Is Not Contained In#

Check: is-not-contained-in-check

Purpose: Verifies that the values in the specified columns are not contained within forbidden sets. Useful for blocking unwanted states, codes, or categories early in the pipeline.

Python Configuration#

from sparkdq.checks import IsNotContainedInCheckConfig
from sparkdq.core import Severity

IsNotContainedInCheckConfig(
    check_id="block_test_status_and_invalid_countries",
    forbidden_values={
        "status": ["TEST", "DUMMY"],
        "country": ["XX"]
    },
    severity=Severity.CRITICAL
)

Declarative Configuration#

- check: is-not-contained-in-check
  check-id: block_test_status_and_invalid_countries
  forbidden-values:
    status:
      - TEST
      - DUMMY
    country:
      - XX
  severity: critical

Typical Use Cases#

  • ✅ Block processing of test or dummy records in production datasets.
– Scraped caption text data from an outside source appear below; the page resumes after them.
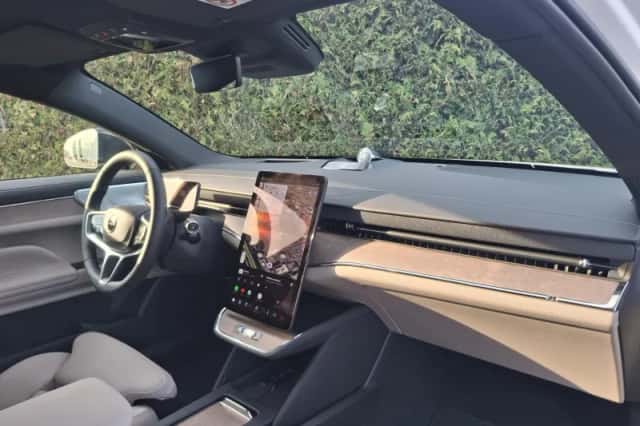 Volvo ES90 (2025) thumbnail 3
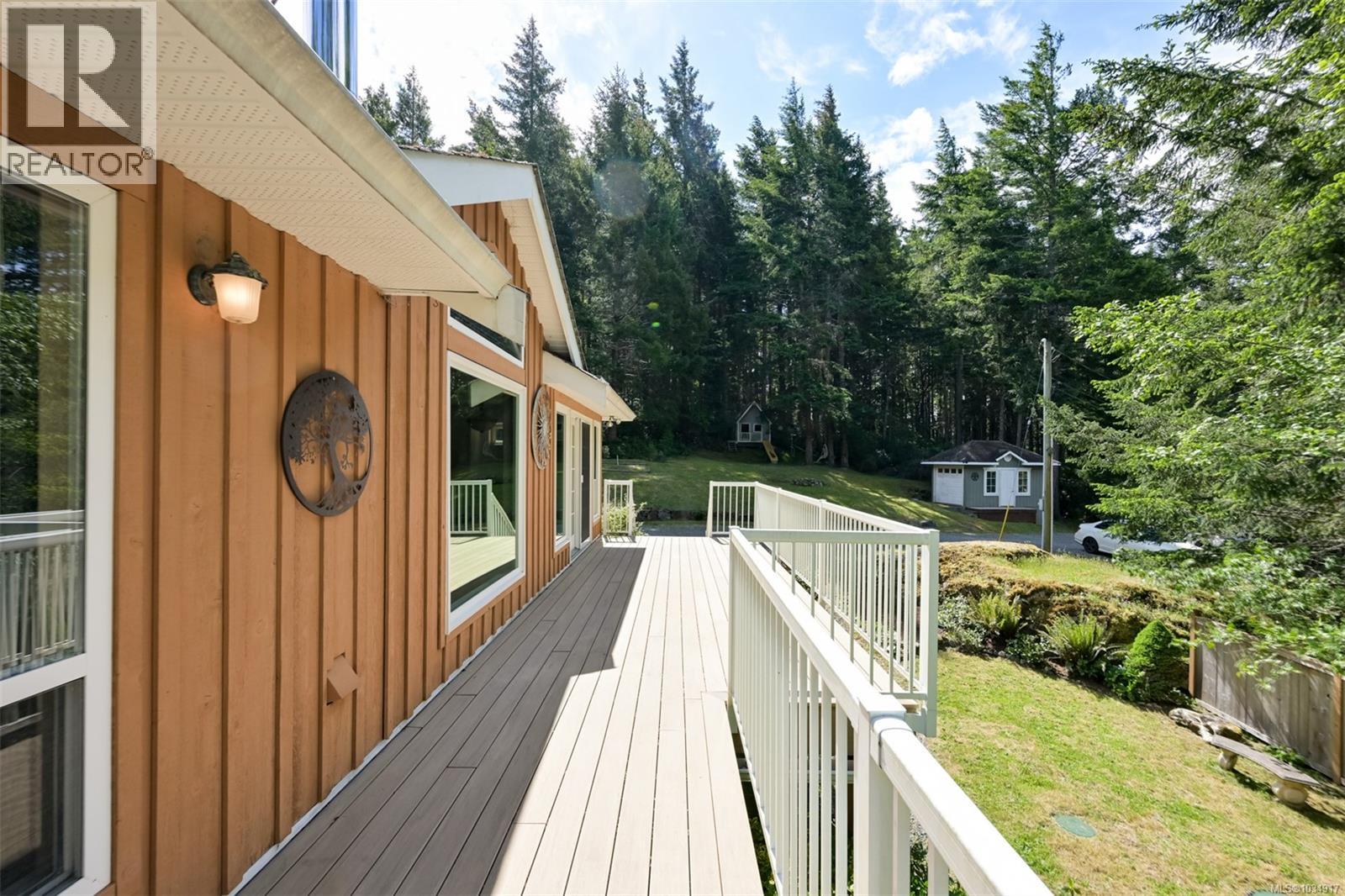 1170 Woodley Ghyll Dr, Metchosin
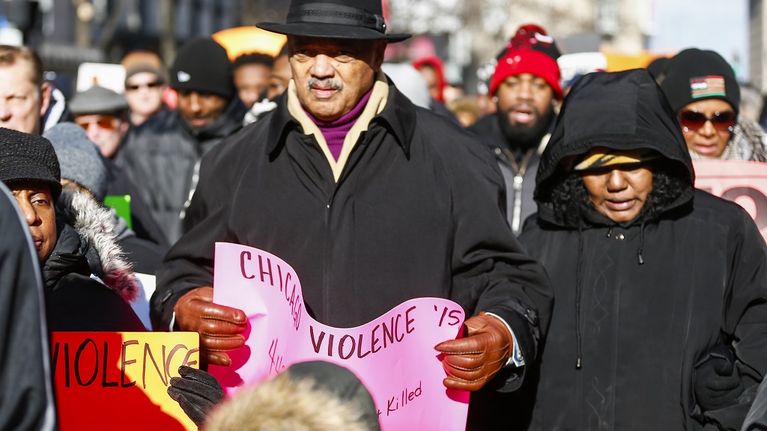 Jesse Jackson ja muita talvipukuisia, vakavailmeisiä mielenosoittajia. 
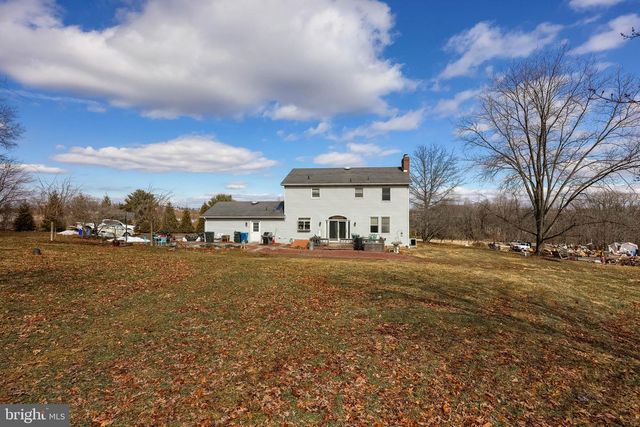 180 SPRINGVALE RD, Red Lion, PA 17356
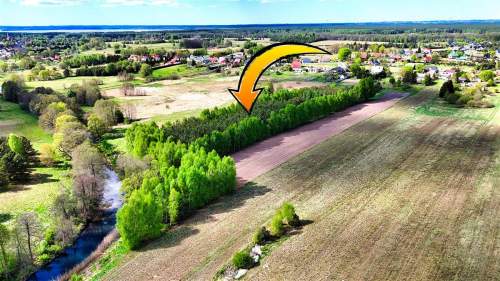 Wyjątkowa działka nad rzeką i z własnym lasem.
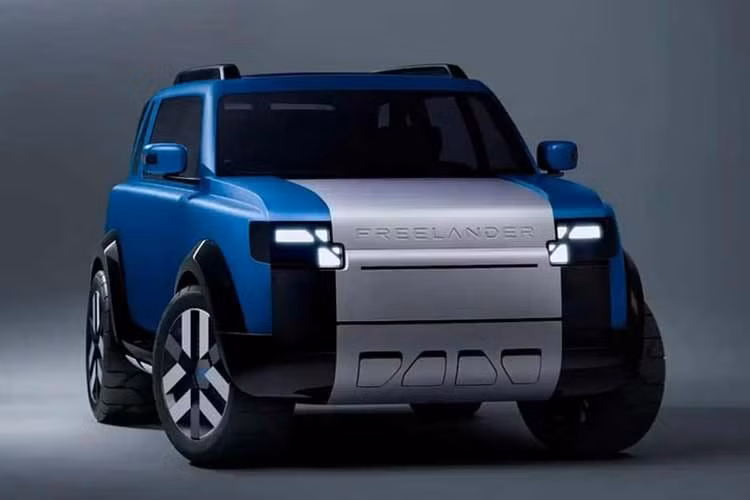 Phía sau mẫu xe SUV Freelander concept, đèn hậu được tích hợp vào dải ốp đen, tương phản với cửa cốp dựng đứng. Tấm chắn gầm phía sau tương đồng với phía trước trong khi cánh gió mui cỡ lớn mang phong cách hiện đại hơn.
  • ✅ Enforce that no invalid country codes (like XX or ZZ) are present.

  • ✅ Detect entries with forbidden status values (e.g., DELETED, CANCELLED).

  • ✅ Clean datasets by preventing known bad categories or invalid mappings.

Supported Data Types#

This check supports any data type that can be compared using equality (e.g., strings, integers, dates).